私には塾しか予定はないけれど、他の生徒は友達と映画を見に行ったり、ショッピングへ行くようでそういった浮ついた話が耳に入ってくるたびに、私の白紙の手帳が虚しくなる。
波多野君は、クラスの男子から遊びに行こうと誘われていたようだ。

ゴールデンウィーク初日、この日は塾はお休みでかつ、母親も仕事で家には私しかいなかった。
勉強をした方がいいのはわかってるけど、どうしてもやる気にならなくてベッドに横たわり携帯をいじる。
SNSはやっていない。というか中学に入ってからやめた。
ちょうどいじめが始まってすぐにSNSで私の悪口をたまたま見てしまってから嫌になってやめてしまったのだ。
お母さんも勉強の邪魔になる、と言ってやめるように言っていたからちょうど良かったのかもしれない。今振り返ってもあのタイミングでやめていたことは良かったとおもう。

だから別にダラダラしていてもYouTubeを見るとか、ネットニュースを見るとか、そんなことくらいしかやることはないのだけど、何もしていない時間こそあっという間に経過していく。

と。

YouTubeが流れていた画面が急に着信画面に代わって私は慌てて上半身を起こした。
“波多野朝陽君”と表示されていて、急に心拍数が上昇した。
波多野君の連絡先は、知っていた。というか彼から聞いてきてそれで交換した。でも、自分から連絡をすることはまずないから電話をする機会など訪れないとそう思っていた。

「もしもし…」

慎重に通話ボタンを押した。もしかしたら誰かと間違えて電話をした、そういうことも考えられる。
しかし、受話器口から聞こえてきたのは私の名前をはっきりと喋る波多野君の声だった。
「みずき?ごめん急に電話して」
「いや…別に、いいの!暇だったから」

やけに緊張して一人の部屋であたふたする。部屋着のTシャツの裾をギュッと握って声を出す。
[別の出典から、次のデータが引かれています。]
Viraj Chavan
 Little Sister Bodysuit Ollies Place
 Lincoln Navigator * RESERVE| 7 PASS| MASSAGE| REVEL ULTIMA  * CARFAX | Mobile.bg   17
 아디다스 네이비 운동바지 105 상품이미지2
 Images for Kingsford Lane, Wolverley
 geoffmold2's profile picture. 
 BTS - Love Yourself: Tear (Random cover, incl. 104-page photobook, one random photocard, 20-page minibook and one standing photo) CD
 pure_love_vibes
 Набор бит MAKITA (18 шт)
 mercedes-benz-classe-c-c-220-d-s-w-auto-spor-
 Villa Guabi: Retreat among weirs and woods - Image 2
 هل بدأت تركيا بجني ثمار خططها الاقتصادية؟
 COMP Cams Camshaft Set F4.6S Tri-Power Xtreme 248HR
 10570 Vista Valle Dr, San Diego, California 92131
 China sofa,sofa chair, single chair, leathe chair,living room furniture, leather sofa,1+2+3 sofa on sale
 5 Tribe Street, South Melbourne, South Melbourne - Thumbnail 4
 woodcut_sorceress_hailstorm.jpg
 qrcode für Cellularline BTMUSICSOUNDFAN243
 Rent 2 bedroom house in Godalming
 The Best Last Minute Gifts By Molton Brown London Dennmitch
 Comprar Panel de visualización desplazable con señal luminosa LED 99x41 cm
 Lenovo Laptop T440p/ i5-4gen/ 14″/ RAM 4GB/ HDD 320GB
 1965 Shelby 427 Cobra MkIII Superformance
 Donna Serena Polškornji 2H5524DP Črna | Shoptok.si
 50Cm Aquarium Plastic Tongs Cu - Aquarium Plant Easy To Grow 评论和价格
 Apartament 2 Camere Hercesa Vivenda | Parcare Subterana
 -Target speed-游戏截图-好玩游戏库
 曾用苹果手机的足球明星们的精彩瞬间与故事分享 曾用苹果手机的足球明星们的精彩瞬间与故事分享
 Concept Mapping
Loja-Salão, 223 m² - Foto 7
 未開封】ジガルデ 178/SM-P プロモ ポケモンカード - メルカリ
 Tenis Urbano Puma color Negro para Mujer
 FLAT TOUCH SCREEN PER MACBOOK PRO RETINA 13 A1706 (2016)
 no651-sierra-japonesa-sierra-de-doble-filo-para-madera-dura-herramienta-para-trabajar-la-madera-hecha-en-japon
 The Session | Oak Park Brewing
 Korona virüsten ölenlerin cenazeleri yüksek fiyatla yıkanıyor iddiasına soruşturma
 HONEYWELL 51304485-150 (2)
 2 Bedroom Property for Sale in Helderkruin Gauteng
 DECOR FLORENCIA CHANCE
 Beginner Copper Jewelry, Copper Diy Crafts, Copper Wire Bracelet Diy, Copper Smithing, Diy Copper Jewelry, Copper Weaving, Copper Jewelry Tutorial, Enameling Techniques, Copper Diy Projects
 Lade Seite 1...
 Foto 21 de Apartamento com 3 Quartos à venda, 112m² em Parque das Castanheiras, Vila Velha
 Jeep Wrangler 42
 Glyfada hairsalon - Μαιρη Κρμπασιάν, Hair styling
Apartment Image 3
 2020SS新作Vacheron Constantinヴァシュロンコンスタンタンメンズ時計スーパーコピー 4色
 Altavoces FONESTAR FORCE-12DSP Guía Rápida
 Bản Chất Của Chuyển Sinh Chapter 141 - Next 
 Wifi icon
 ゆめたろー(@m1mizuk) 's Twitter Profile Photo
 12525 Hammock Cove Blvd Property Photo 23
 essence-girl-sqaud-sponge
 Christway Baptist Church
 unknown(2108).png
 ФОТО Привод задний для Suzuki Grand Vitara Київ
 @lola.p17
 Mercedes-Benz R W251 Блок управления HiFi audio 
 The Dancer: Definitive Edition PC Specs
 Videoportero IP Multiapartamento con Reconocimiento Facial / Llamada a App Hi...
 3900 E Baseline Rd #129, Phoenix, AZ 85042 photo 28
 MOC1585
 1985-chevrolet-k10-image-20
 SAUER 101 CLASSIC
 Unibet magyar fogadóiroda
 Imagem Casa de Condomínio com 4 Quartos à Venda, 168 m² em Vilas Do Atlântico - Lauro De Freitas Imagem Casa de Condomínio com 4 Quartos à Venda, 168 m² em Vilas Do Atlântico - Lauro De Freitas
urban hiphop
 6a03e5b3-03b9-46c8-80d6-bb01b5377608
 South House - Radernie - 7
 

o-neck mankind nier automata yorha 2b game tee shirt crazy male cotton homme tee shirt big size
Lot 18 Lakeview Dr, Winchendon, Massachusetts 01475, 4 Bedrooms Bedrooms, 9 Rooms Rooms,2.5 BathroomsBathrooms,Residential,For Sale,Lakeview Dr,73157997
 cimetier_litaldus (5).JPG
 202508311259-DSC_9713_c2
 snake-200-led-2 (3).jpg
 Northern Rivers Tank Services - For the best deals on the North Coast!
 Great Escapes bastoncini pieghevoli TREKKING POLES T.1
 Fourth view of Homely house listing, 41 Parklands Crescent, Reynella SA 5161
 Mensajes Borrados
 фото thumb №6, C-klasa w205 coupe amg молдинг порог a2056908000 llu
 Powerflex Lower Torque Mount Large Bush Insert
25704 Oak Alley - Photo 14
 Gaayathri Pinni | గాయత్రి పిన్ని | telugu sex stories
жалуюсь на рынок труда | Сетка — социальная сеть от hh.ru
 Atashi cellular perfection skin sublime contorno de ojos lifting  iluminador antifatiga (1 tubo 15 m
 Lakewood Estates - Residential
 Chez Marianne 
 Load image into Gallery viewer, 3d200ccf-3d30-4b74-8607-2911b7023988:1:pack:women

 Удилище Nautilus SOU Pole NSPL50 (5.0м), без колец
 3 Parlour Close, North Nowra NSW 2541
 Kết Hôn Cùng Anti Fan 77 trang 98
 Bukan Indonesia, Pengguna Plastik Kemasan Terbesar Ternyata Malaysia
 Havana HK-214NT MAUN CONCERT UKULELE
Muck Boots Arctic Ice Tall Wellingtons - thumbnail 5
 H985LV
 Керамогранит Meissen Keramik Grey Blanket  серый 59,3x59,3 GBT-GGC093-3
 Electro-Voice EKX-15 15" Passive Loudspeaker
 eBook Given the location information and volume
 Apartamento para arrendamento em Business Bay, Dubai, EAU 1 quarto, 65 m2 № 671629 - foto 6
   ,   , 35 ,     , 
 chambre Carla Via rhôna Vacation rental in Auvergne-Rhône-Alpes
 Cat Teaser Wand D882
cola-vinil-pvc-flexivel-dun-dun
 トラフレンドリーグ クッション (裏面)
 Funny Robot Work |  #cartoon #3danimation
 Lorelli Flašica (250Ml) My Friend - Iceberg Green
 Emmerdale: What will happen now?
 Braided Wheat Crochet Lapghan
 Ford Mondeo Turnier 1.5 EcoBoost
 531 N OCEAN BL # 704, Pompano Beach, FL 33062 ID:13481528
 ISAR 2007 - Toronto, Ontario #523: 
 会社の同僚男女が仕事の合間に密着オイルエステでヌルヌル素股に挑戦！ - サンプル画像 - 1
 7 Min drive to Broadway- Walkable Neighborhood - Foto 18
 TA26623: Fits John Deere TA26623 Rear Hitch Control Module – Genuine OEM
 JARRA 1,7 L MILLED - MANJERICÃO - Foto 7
「ゴールデンウィークって暇な日ある?よかったら遊ぼう」
「あ、遊ぶ?!」

うん、と当たり前に言う彼に私は戸惑った。ほかの人もいるのかなとか、だとしたらちょっと嫌だけど、二人で遊ぶのも変な気がした。なんていうか…こういうのは付き合っている男女がするものだと勝手に思っているからだ。

「あー、用事あるとか…嫌だったら全然いい」
「嫌じゃないよ!塾がない日ならいつでも」
「ほんと?なら明後日は?」

電話越しからでも聞こえる明瞭な声が耳に響く。
私は天井に黒目を向けて、少し悩むように唸る。明後日は塾は休みだったと思うけど、お母さんの仕事がどうだったか思い出す。
確か休みではなかったと思う。
お母さんがもしも異性と遊びに行くなんて知ったら全力で反対するだろう。
何故ならドラマとかで中高生が付き合うシーンなんかがテレビに映っているのを見るとすぐに嫌悪感を示して「ありえない」という。お母さんは小学校から高校まで女子高に通っていたようで、男女の交際は勉強の妨げになると考えているようだ。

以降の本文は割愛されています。